▶ _Directions for this task_
Exactly the lines from the one with "<span class='prepend'>Foto |</span> Uzina" through the final line of the entries, and nothing else, should appear in the answer; no pictures go in it.

▶ _Exercise data_
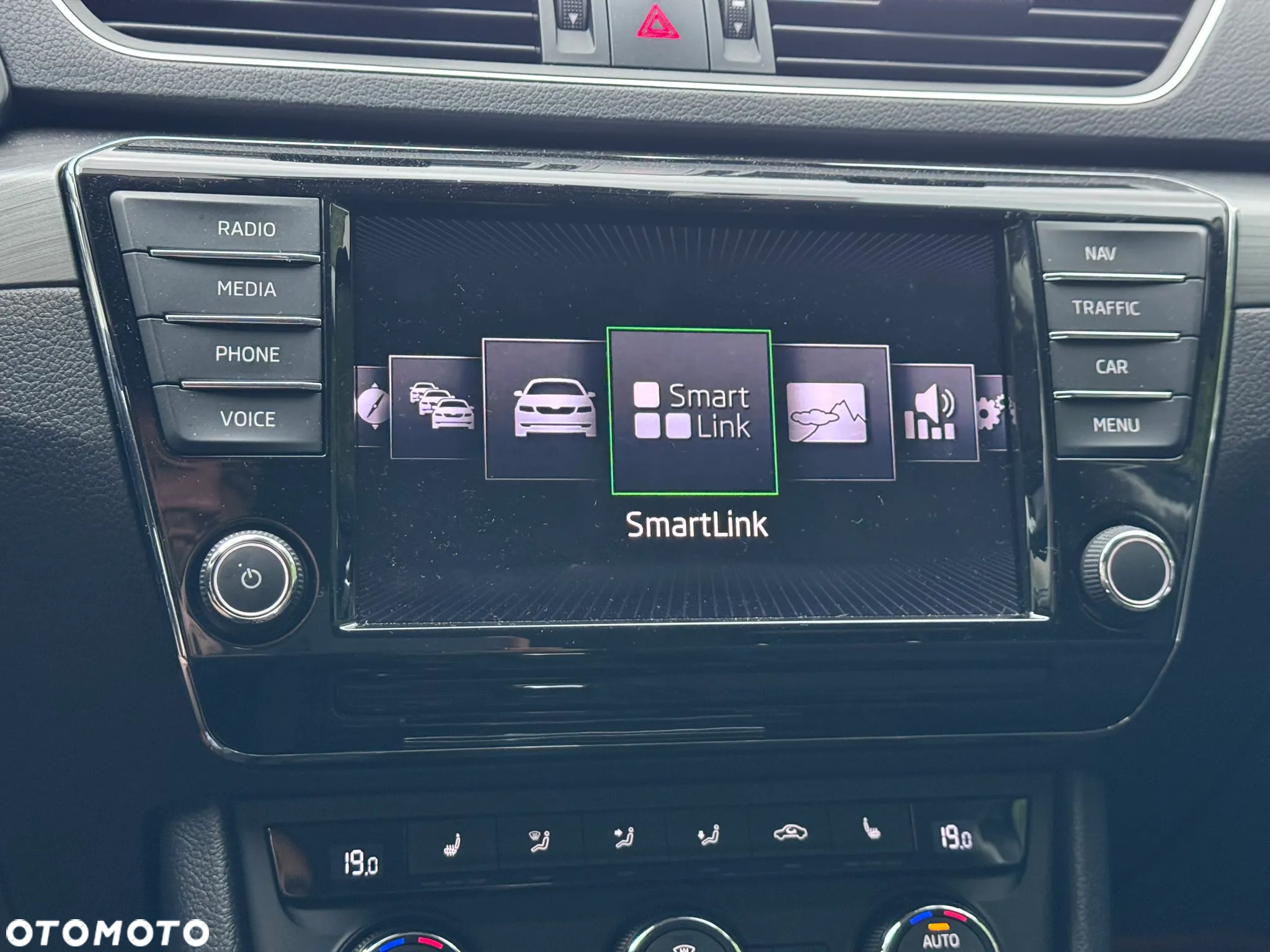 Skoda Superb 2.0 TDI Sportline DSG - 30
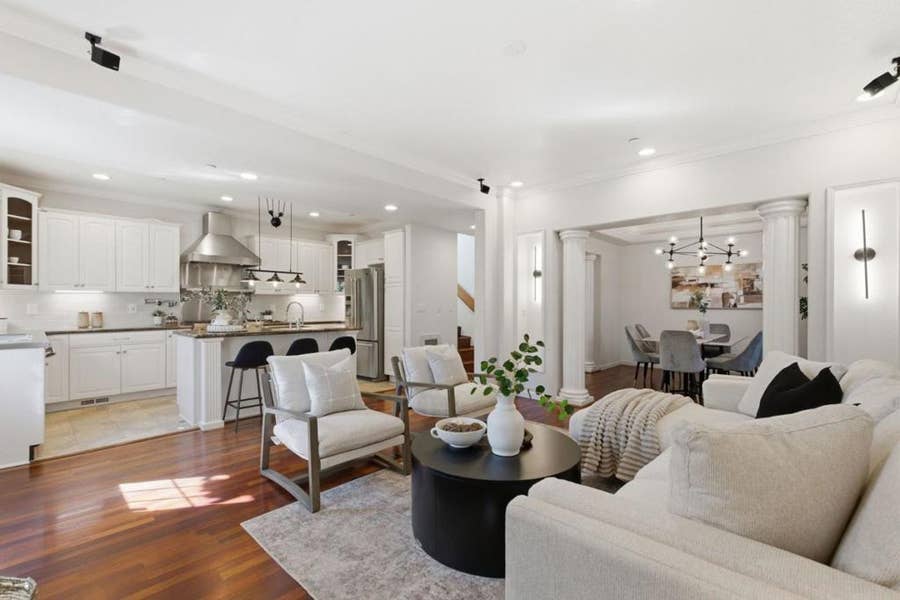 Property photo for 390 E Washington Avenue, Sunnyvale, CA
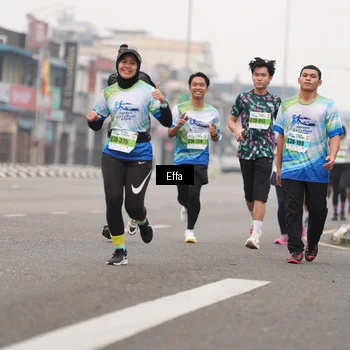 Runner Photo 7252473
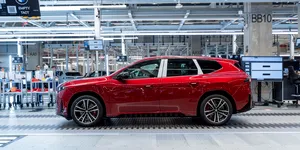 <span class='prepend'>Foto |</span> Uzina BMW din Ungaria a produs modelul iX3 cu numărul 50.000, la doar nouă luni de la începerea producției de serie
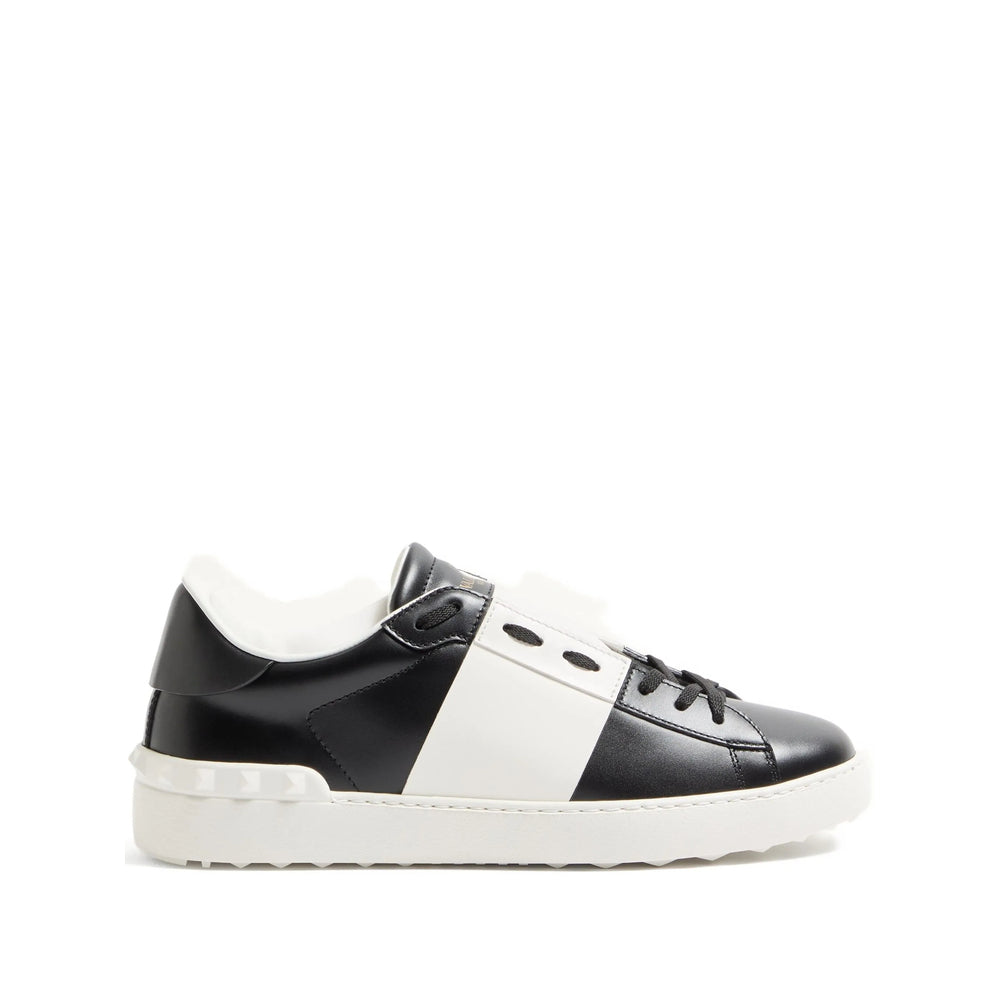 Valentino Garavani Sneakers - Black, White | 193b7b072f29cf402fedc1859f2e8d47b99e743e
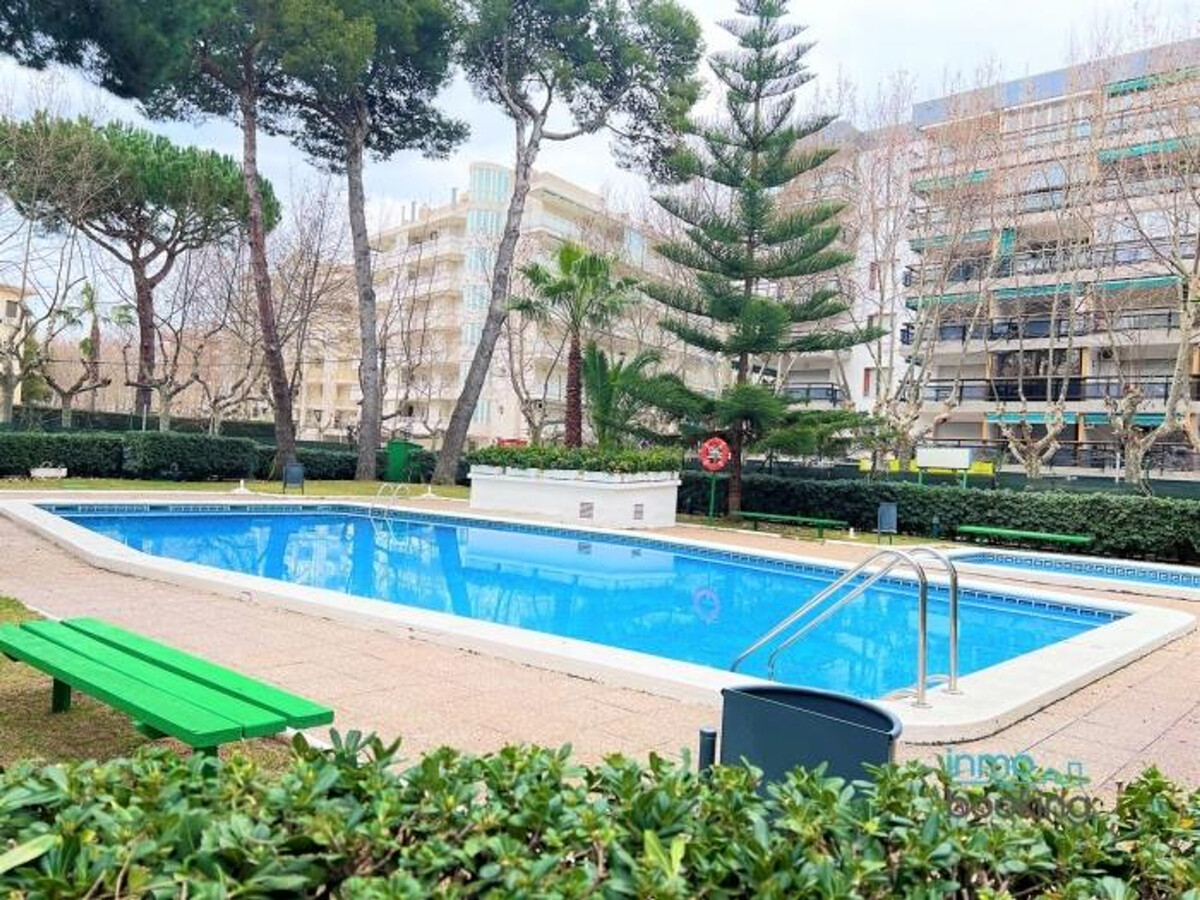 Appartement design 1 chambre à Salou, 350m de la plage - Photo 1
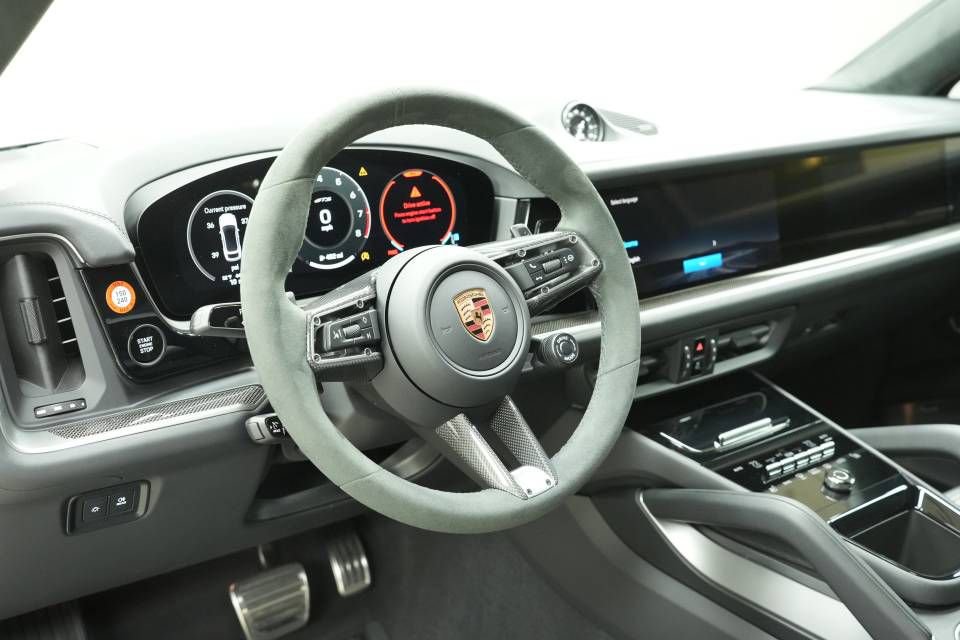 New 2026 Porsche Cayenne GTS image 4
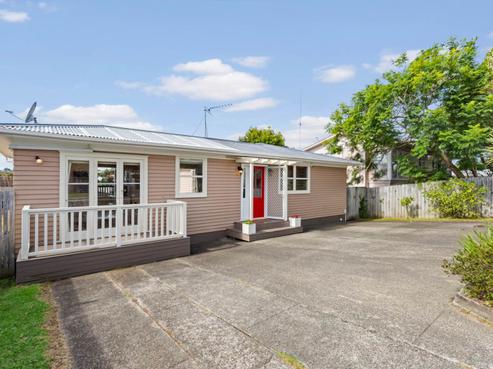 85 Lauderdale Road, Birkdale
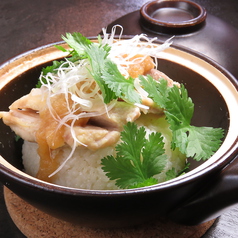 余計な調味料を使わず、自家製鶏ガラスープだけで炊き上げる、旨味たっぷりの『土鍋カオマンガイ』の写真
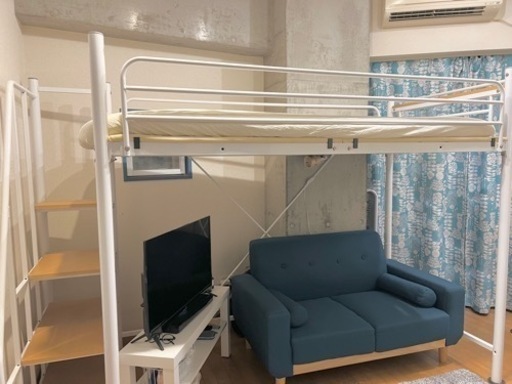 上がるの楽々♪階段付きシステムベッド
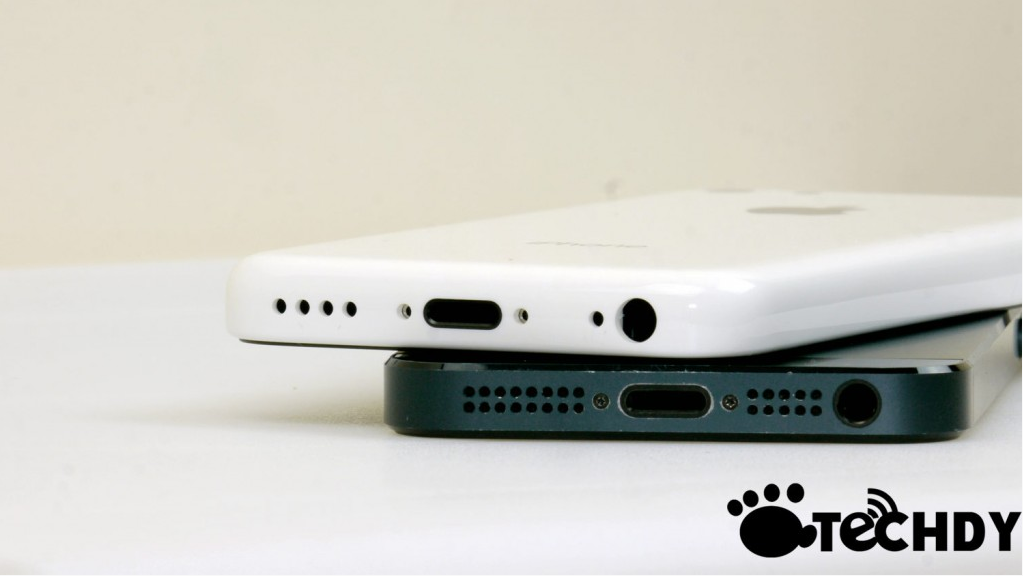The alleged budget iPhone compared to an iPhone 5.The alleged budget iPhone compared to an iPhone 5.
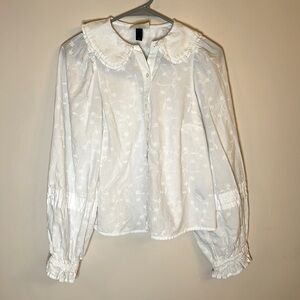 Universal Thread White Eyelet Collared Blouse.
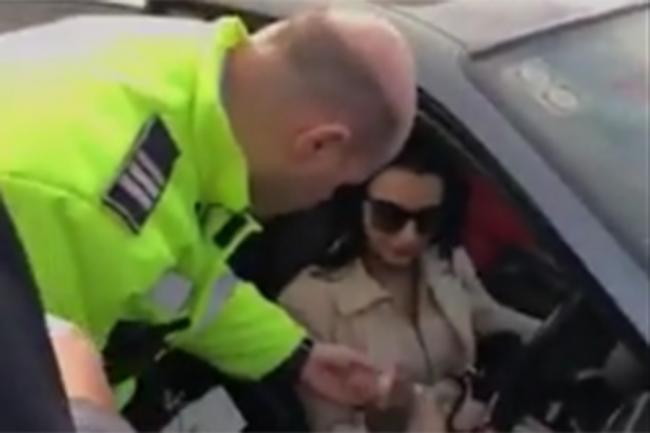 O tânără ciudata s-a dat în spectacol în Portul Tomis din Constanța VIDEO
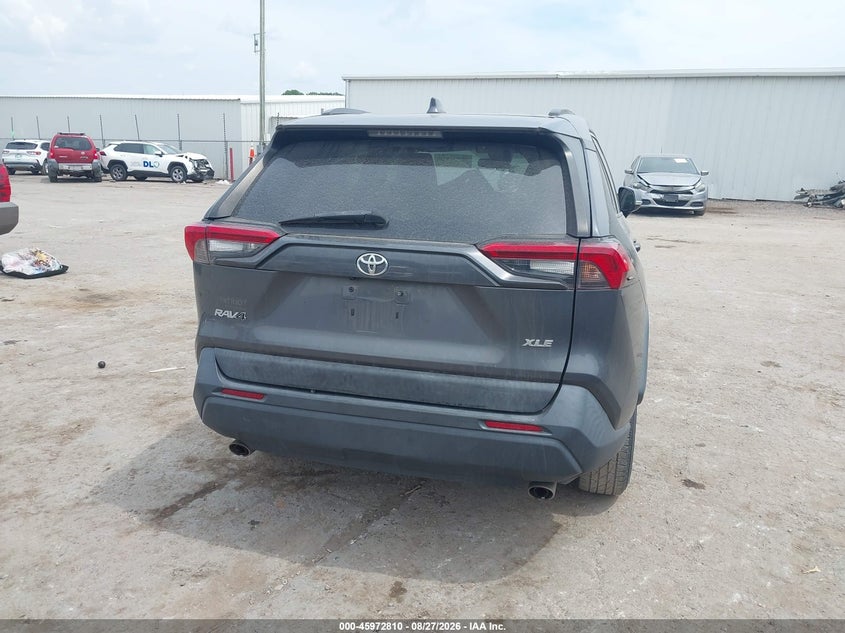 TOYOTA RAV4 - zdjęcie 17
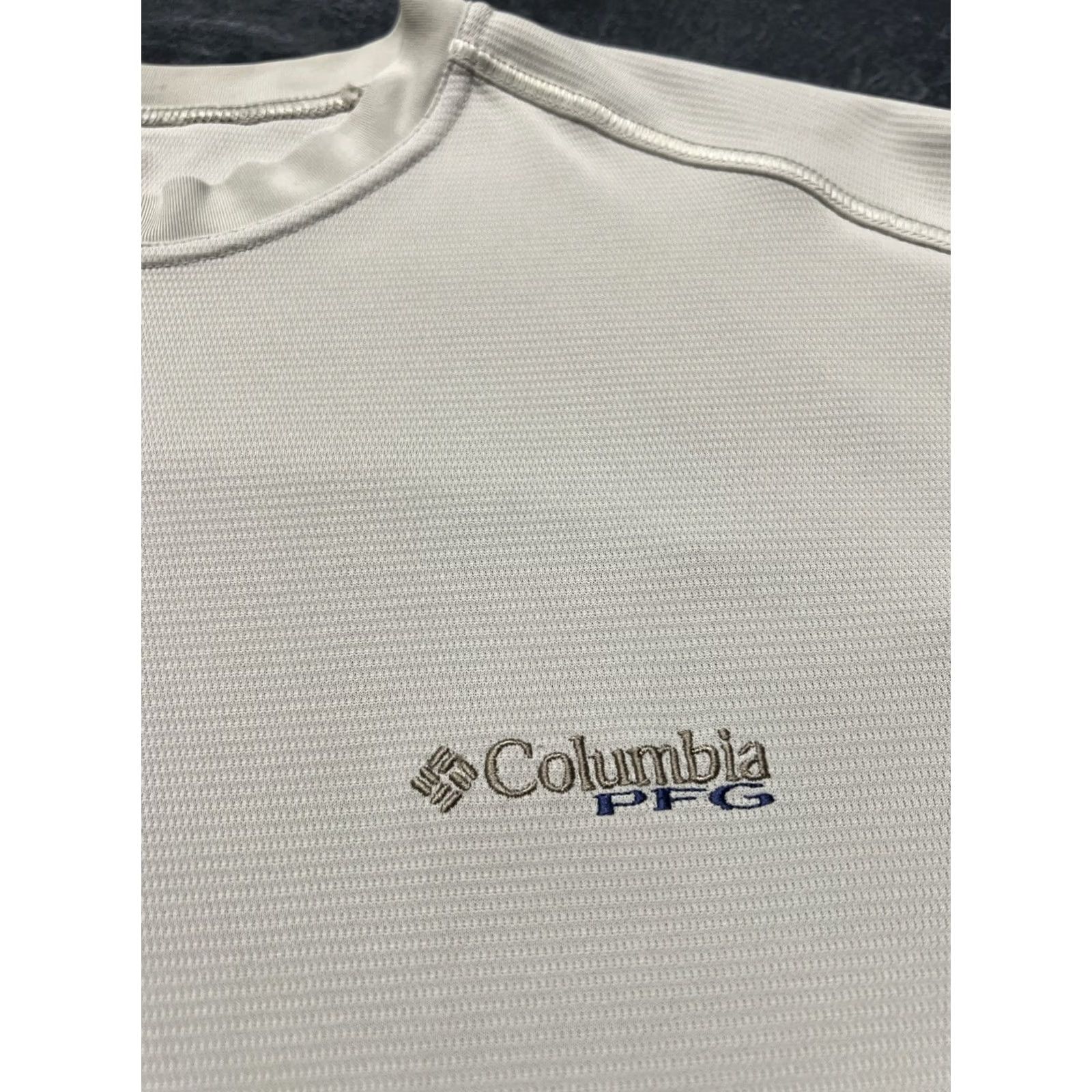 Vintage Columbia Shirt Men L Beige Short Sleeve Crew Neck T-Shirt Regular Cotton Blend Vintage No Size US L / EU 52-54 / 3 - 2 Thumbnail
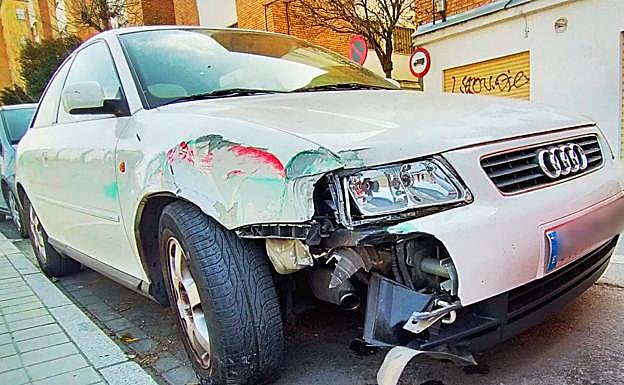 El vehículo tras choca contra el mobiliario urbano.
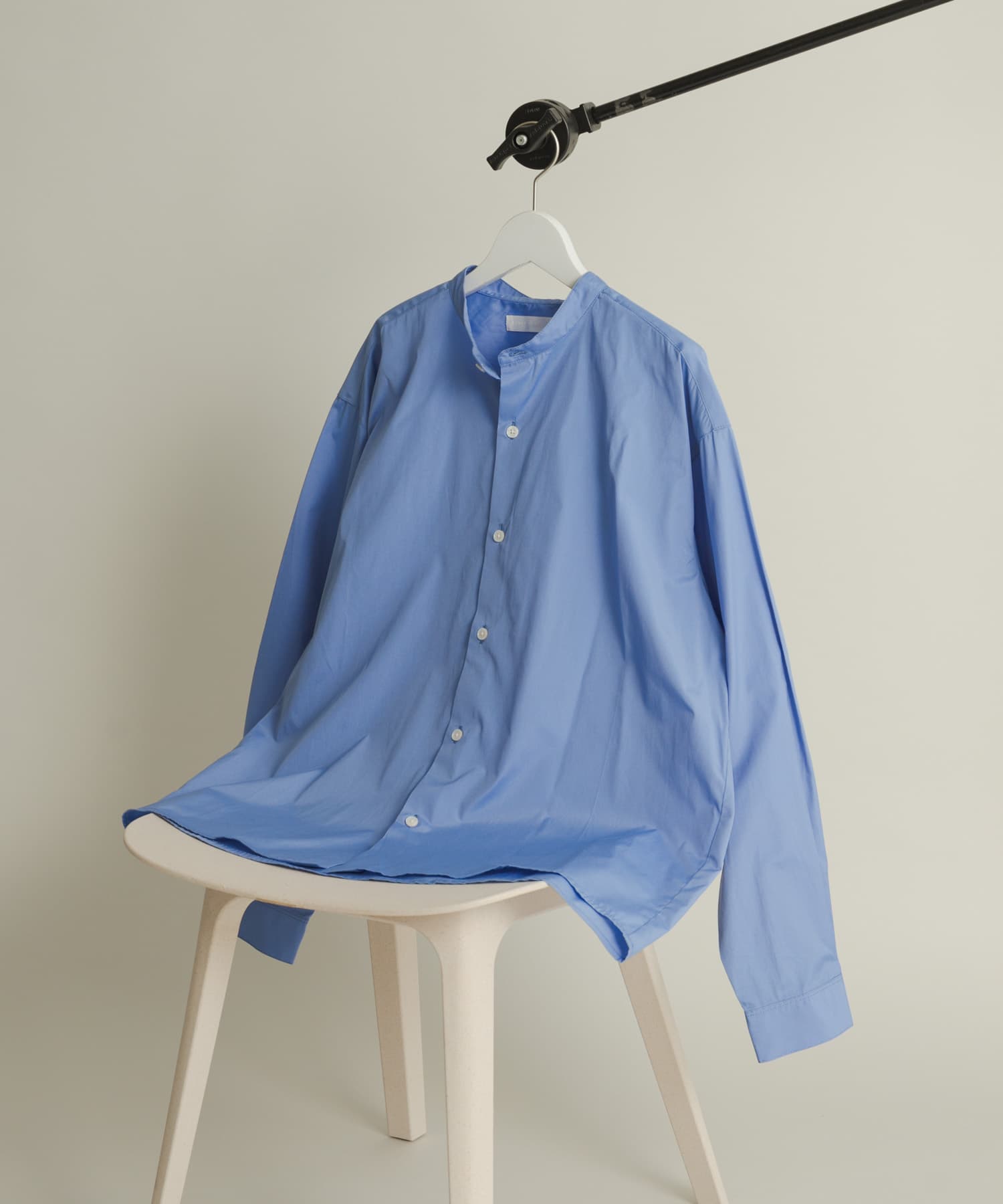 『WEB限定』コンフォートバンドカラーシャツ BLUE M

▶ _Solution for this task_
 <span class='prepend'>Foto |</span> Uzina BMW din Ungaria a produs modelul iX3 cu numărul 50.000, la doar nouă luni de la începerea producției de serie
 Valentino Garavani Sneakers - Black, White | 193b7b072f29cf402fedc1859f2e8d47b99e743e
 Appartement design 1 chambre à Salou, 350m de la plage - Photo 1
 New 2026 Porsche Cayenne GTS image 4
 85 Lauderdale Road, Birkdale
 余計な調味料を使わず、自家製鶏ガラスープだけで炊き上げる、旨味たっぷりの『土鍋カオマンガイ』の写真
 上がるの楽々♪階段付きシステムベッド
The alleged budget iPhone compared to an iPhone 5.The alleged budget iPhone compared to an iPhone 5.
 Universal Thread White Eyelet Collared Blouse.
 O tânără ciudata s-a dat în spectacol în Portul Tomis din Constanța VIDEO
 TOYOTA RAV4 - zdjęcie 17
 Vintage Columbia Shirt Men L Beige Short Sleeve Crew Neck T-Shirt Regular Cotton Blend Vintage No Size US L / EU 52-54 / 3 - 2 Thumbnail
 El vehículo tras choca contra el mobiliario urbano.
 『WEB限定』コンフォートバンドカラーシャツ BLUE M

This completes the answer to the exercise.